4. In Figure 4, scaffold mineralization is shown in bone samples. However, in hyper samples, scaffolds do not appear to be mineralized. Is it possible to consider that this difference allows the osteo-grafts to shape the bone better to follow the structural pattern of the scaffold? Additionally, is the scaffold eventually resorbed?
5. Line 300: “ANOVA” is already indicated on line 296.
6. Spaces are required between numbers and some mathematical symbols (=, <).
7. This is just an interest: Chondrocytes can differentiate under lower partial pressure of oxygen than osteoblasts. This difference in cell properties may be the reason for the regenerating potential of the two grafts. More oxygen supplied to the cells in the 3D silk scaffolds might have encouraged more osteoblasts to regenerate bone faster.
Author Response
Please see attachment
Author Response File: Author Response.pdf
Round 2
Reviewer 1 Report
The author replied my questions, using citations and reasons of not adding a blank control. but it is acceptable.
Author Response
We would like to thank the Reviewer one more time for most constructive comments and this final favorable evaluation.
Reviewer 2 Report
Dear Authors,
Although I am mostly satisfied with your answers and corrections, there is one question.

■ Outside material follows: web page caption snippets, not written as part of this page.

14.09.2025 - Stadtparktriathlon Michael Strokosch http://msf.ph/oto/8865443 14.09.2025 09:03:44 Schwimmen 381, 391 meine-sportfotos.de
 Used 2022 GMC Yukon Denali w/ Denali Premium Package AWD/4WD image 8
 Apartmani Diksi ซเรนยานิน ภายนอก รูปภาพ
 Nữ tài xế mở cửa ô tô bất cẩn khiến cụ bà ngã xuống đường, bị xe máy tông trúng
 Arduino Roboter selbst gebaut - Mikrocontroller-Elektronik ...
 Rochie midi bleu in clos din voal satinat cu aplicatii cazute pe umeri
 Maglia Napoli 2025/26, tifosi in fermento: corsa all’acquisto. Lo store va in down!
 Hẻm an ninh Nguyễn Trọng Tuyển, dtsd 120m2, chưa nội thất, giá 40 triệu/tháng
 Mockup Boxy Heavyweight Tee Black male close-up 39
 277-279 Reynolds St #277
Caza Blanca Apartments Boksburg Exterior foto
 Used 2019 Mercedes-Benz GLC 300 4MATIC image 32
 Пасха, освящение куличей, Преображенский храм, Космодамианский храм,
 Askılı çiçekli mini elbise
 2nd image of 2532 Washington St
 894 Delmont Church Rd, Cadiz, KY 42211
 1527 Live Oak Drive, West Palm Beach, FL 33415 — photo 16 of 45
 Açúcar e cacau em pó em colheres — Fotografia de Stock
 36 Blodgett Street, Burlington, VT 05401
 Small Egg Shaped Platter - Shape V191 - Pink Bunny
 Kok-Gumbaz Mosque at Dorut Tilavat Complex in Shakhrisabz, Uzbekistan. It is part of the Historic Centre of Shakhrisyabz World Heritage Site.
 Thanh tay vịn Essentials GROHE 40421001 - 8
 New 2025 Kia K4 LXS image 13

In your answer to the fourth comment, you wrote "We now include discussion of the scaffold degradation (please see Page 18, lines 616 -620)." I couldn't recognize which sentence it meant. I'm sorry if I just missed it.
I'd be interested to know what additional discussion you added, so please let me know.
Author Response
We apologize - the additional discussion was included, but we missed to show it in blue font. The two sentences in question are:
"Evaluation of the resorption through hard bone histology demonstrated instances of scaffold resorption caused by mononucleated cells indented at the scaffold surfaces throughout the osteo constructs. However, the lack of multinucleated giant cells, indicators of rapid degeneration, suggest a slow silk scaffold resorption and matrix turnover"
and they can be found on page 18, lines 612-616 of the final version of the manuscript.
We would like to again thank the Reviewer for their insightful and most helpful comments.